*DATA BLOCK*

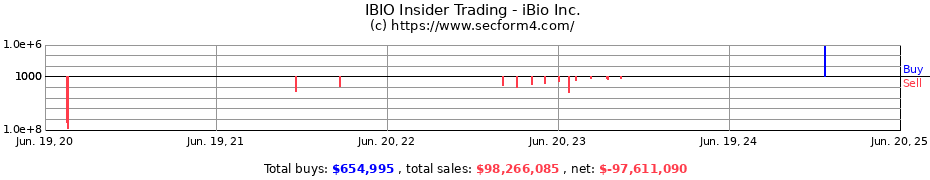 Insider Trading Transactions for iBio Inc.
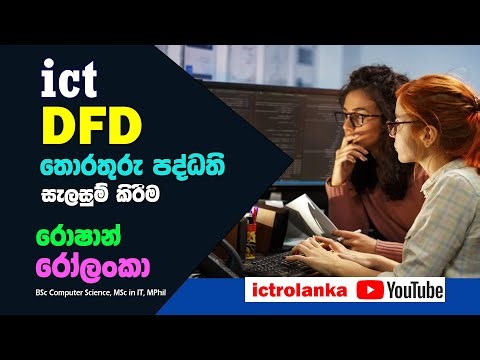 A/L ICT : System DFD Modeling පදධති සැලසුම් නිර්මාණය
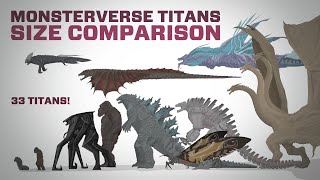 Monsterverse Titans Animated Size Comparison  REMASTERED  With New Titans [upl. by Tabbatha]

*ABOUT THIS EXERCISE*
Give back the whole listing exactly as it stands. Drop every picture.

*EXPECTED ANSWER*
 Insider Trading Transactions for iBio Inc.
 A/L ICT : System DFD Modeling පදධති සැලසුම් නිර්මාණය
 Monsterverse Titans Animated Size Comparison  REMASTERED  With New Titans [upl. by Tabbatha]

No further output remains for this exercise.